Bunker Roy (B.R.) : Le Barefoot collège est un système d’éducation qui valorise les connaissances des communautés dans les régions rurales. Nous travaillons dans les domaines de l’énergie solaire, de l’eau, l’éducation dans le milieu rural et le développement d’entreprises pour ceux qui habitent dans les régions pauvres. Depuis une dizaine d’années, nous formons des femmes à l’énergie solaire. Cela concerne 54 pays dans le monde dont 32 africains. Plus d’une centaine de « grands-mères » africaines ont ainsi donné accès à l’énergie solaire à quelque 7000 villages isolés, ouvrant un cycle d’amélioration des conditions de vie de dizaines de milliers de personnes. Le barefoot collège fonctionne complètement avec l’électricité solaire. 250 personnes habitent là-bas en plein temps. C’est une idée pour démystifier la technologie pour les pauvres et donner l’accès de la technologie aux pauvres. Le « collège aux pieds nus » mobilise les compétences, le savoir et l’expérience pratique des villageois eux-mêmes pour faire face aux besoins essentiels de la communauté : l’éducation, l’eau potable, l’emploi, la santé, l’habitat, l’alimentation, l’éclairage, le combustible et le fourrage. Pour concevoir les écoles du soir, il n’a pas été nécessaire de faire conduire des études approfondies par des consultants extérieurs et de dépenser par la même occasion, des fonds qui pouvaient bénéficier directement aux enfants. Il n’a pas non plus été nécessaire de se mettre en quête de réponses d’« experts » ni de discuter des mérites et des inconvénients de nouvelles idées ou de nouvelles approches. La réponse se trouvait au sein même de la communauté rurale, parmi des villageois sans diplôme ni bagage universitaire qui, au contraire des experts en éducation, ne voyaient pas l’intérêt de faire compliqué, quand on peut faire simple. Les parents ont suggéré tout simplement que les écoles soient organisées le soir, pour s’adapter à l’emploi du temps des enfants qui gardaient les vaches, les chèvres et les moutons dans la journée. Ils ont dit qu’ils ne voulaient pas d’enseignants fonctionnaires du gouvernement, qui ne sont motivés que par le salaire et la vie en ville.

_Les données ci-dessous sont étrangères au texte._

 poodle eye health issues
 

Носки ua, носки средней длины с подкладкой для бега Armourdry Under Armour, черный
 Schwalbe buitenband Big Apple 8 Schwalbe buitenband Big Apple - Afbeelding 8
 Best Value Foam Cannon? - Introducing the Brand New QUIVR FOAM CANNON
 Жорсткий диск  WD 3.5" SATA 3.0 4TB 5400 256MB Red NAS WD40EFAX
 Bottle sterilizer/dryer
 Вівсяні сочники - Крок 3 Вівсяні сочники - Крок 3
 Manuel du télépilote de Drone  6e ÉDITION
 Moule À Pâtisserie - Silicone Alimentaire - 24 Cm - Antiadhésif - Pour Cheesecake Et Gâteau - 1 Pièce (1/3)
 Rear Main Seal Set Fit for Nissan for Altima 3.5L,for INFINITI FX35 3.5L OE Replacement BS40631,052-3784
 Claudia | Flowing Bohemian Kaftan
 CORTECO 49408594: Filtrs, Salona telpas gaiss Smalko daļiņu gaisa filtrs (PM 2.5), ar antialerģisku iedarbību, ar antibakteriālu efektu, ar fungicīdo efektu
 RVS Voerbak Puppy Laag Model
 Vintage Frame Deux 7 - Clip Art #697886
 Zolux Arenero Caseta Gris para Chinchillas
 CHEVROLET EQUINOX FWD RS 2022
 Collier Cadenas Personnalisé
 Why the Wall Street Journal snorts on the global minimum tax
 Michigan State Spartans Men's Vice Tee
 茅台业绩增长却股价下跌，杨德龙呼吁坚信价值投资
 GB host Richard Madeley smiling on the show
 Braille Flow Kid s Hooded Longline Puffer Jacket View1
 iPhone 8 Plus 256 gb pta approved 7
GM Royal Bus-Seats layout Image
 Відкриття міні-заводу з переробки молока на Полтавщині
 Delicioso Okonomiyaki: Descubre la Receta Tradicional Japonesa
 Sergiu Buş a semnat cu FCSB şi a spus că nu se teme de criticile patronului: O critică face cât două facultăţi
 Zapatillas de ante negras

S. : Que pensez-vous des « grands-mères » burkinabè qui ont été formées à Barefoot Collège ?

B. R. : Les six femmes burkinabè étaient parmi les 40 femmes venues du monde entier. Les Burkinabè étaient les meilleures avec un excellent esprit. Vous imaginez qu’il y avait 10 pays avec des langues, des cultures et des sensibilités différentes et les femmes du Burkina ont fait tomber toutes les barrières pour avoir un niveau qui leur a permis d’installer l’électricité dans cinq villages et elles font la maintenance, elles sont indépendantes et elles managent même leur communauté.

S. : Vous avez rendu visite à ces femmes dans leur village, êtes-vous satisfait du résultat ?

B. R. : J’étais fier de rencontrer les « grands-mères » dans leurs villages respectifs où elles étaient devenues plus que des leaders. Elles sont désormais très respectées et leur rôle au sein de la communauté a changé fondamentalement. Par ailleurs, elles ont à cœur de former les autres. Il y a une histoire qui m’a émue. Une des femmes n’avait pas reçue l’autorisation de son mari pour participer à la formation en Inde, mais elle est partie quand même faire la formation. Quand elle est revenue, son mari a voulu qu’elle regagne son foyer, mais elle a refusé et elle a décidé de prendre sa vie en main, parce qu’elle avait une activité qui lui permettait de se suffire à elle-même

S. : Quels sont vos projets avec le Burkina ?

B. R. : Nous sommes ici pour continuer les discussions afin d’installer un centre de formation sous-régional pour former des femmes analphabètes à l’énergie solaire. Nous avons déjà eu un terrain avec le gouvernement burkinabè et le gouvernement indien est prêt à mobiliser 500.000 dollars pour la construction de ce centre.
Ce n’est pas un collège où les gens vont venir chercher des diplômes, les diplômes sont donnés par le service rendu aux villageois et ça va concerner les femmes en milieu rural parce qu’elles sont plus enclines à partager dans le village que les hommes qui vont rapidement aller à Ouagadougou ou refuser de partager leur savoir.